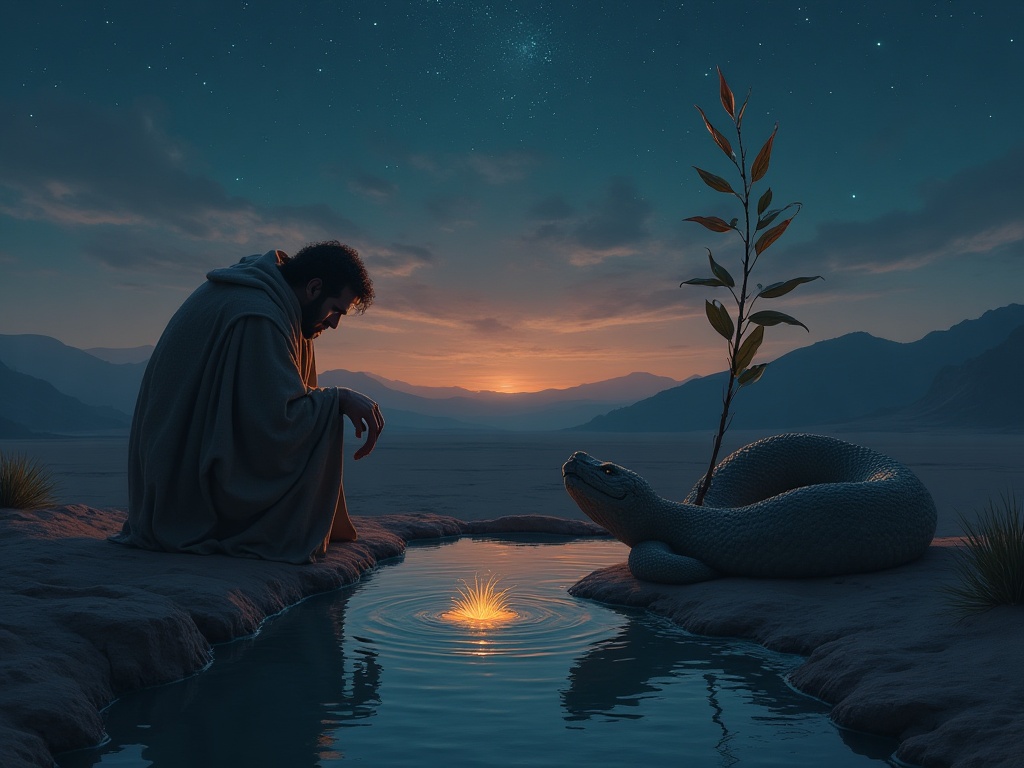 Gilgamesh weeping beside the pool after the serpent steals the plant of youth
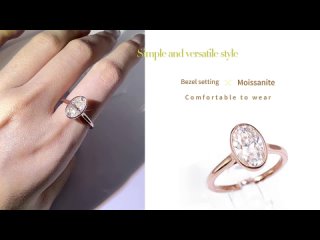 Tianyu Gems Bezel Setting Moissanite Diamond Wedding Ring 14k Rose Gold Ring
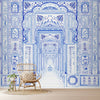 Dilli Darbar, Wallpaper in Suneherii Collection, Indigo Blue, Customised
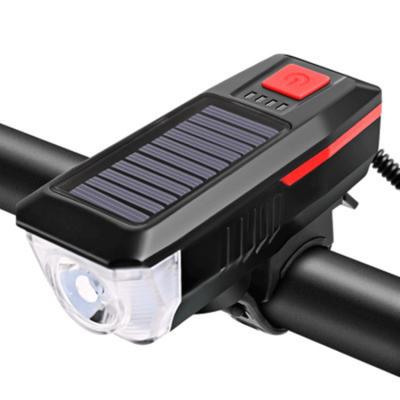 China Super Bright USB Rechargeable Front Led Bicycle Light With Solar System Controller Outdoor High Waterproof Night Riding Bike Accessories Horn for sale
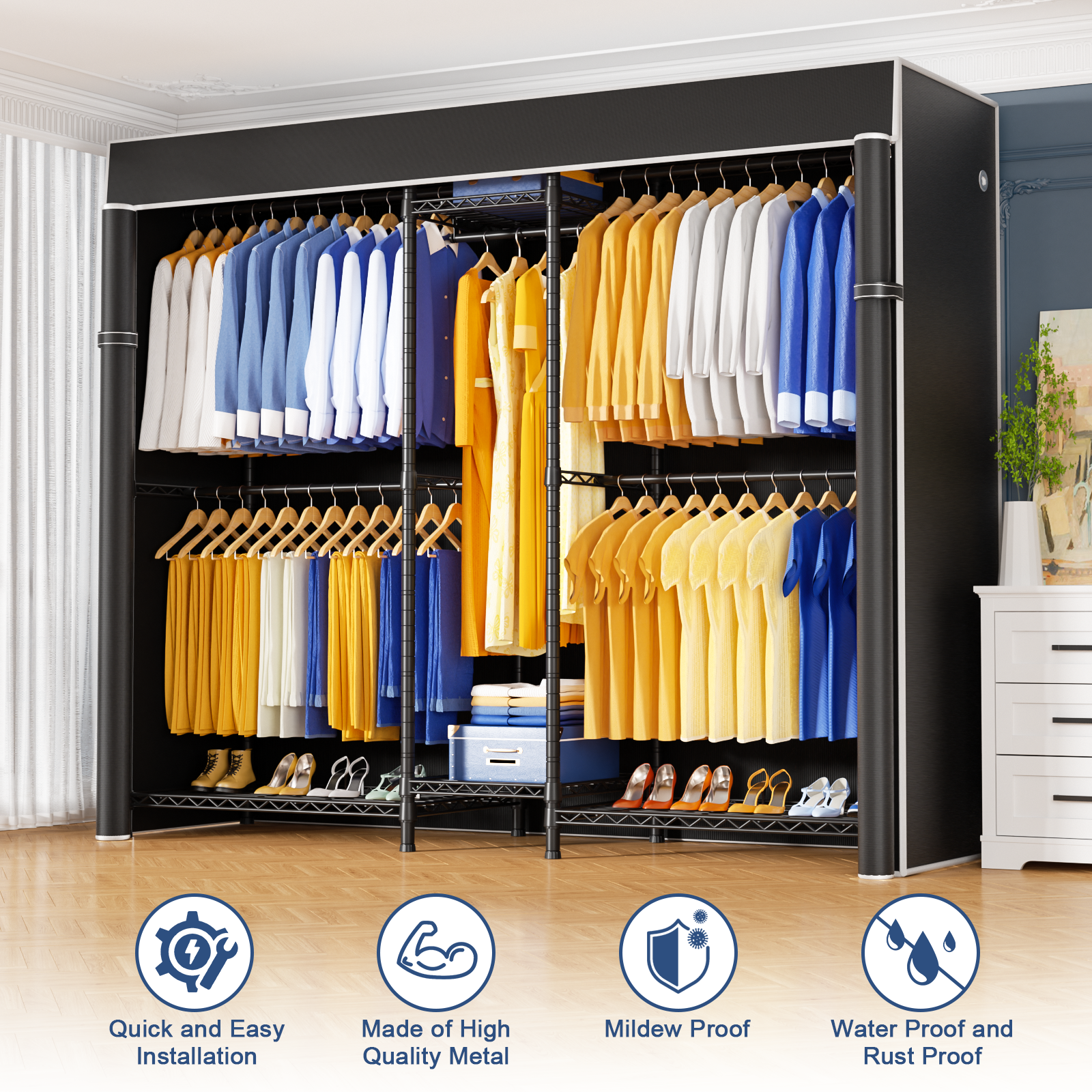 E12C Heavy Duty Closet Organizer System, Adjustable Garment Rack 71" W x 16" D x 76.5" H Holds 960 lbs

----

### Task
Word-for-word transcription: the whole listing, with images excluded.

### Result below
 Gilgamesh weeping beside the pool after the serpent steals the plant of youth
 Tianyu Gems Bezel Setting Moissanite Diamond Wedding Ring 14k Rose Gold Ring
 Dilli Darbar, Wallpaper in Suneherii Collection, Indigo Blue, Customised
 China Super Bright USB Rechargeable Front Led Bicycle Light With Solar System Controller Outdoor High Waterproof Night Riding Bike Accessories Horn for sale
 E12C Heavy Duty Closet Organizer System, Adjustable Garment Rack 71" W x 16" D x 76.5" H Holds 960 lbs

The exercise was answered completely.